▶ **Work required**
Each line of the data should be repeated precisely.

▶ **Recorded data**
►
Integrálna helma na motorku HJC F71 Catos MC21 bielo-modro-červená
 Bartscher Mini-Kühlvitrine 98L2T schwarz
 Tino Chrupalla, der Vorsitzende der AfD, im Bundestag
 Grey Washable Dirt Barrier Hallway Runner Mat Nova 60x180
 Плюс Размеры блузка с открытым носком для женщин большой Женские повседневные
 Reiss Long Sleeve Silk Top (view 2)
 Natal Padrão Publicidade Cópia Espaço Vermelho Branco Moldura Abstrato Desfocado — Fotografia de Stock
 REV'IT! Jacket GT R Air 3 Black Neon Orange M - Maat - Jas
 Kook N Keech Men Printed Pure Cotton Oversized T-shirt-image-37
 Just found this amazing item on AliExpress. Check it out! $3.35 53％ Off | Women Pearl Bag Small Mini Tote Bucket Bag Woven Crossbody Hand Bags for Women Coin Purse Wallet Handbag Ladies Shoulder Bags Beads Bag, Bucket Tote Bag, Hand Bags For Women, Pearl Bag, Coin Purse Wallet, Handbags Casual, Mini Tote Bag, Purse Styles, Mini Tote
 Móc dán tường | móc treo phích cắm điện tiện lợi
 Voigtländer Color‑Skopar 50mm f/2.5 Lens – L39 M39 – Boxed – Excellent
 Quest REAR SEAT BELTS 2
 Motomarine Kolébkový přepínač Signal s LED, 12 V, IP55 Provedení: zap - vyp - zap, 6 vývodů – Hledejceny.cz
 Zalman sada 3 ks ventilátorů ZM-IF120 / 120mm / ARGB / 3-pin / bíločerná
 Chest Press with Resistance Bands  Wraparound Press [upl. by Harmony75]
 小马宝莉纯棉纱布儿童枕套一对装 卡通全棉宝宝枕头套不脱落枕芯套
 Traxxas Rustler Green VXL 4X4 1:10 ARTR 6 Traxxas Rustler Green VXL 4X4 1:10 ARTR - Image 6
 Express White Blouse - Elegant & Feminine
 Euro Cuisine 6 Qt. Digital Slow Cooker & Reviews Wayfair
◄
▶ **Solution for this task**
Integrálna helma na motorku HJC F71 Catos MC21 bielo-modro-červená
 Bartscher Mini-Kühlvitrine 98L2T schwarz
 Tino Chrupalla, der Vorsitzende der AfD, im Bundestag
 Grey Washable Dirt Barrier Hallway Runner Mat Nova 60x180
 Плюс Размеры блузка с открытым носком для женщин большой Женские повседневные
 Reiss Long Sleeve Silk Top (view 2)
 Natal Padrão Publicidade Cópia Espaço Vermelho Branco Moldura Abstrato Desfocado — Fotografia de Stock
 REV'IT! Jacket GT R Air 3 Black Neon Orange M - Maat - Jas
 Kook N Keech Men Printed Pure Cotton Oversized T-shirt-image-37
 Just found this amazing item on AliExpress. Check it out! $3.35 53％ Off | Women Pearl Bag Small Mini Tote Bucket Bag Woven Crossbody Hand Bags for Women Coin Purse Wallet Handbag Ladies Shoulder Bags Beads Bag, Bucket Tote Bag, Hand Bags For Women, Pearl Bag, Coin Purse Wallet, Handbags Casual, Mini Tote Bag, Purse Styles, Mini Tote
 Móc dán tường | móc treo phích cắm điện tiện lợi
 Voigtländer Color‑Skopar 50mm f/2.5 Lens – L39 M39 – Boxed – Excellent
 Quest REAR SEAT BELTS 2
 Motomarine Kolébkový přepínač Signal s LED, 12 V, IP55 Provedení: zap - vyp - zap, 6 vývodů – Hledejceny.cz
 Zalman sada 3 ks ventilátorů ZM-IF120 / 120mm / ARGB / 3-pin / bíločerná
 Chest Press with Resistance Bands  Wraparound Press [upl. by Harmony75]
 小马宝莉纯棉纱布儿童枕套一对装 卡通全棉宝宝枕头套不脱落枕芯套
 Traxxas Rustler Green VXL 4X4 1:10 ARTR 6 Traxxas Rustler Green VXL 4X4 1:10 ARTR - Image 6
 Express White Blouse - Elegant & Feminine
 Euro Cuisine 6 Qt. Digital Slow Cooker & Reviews Wayfair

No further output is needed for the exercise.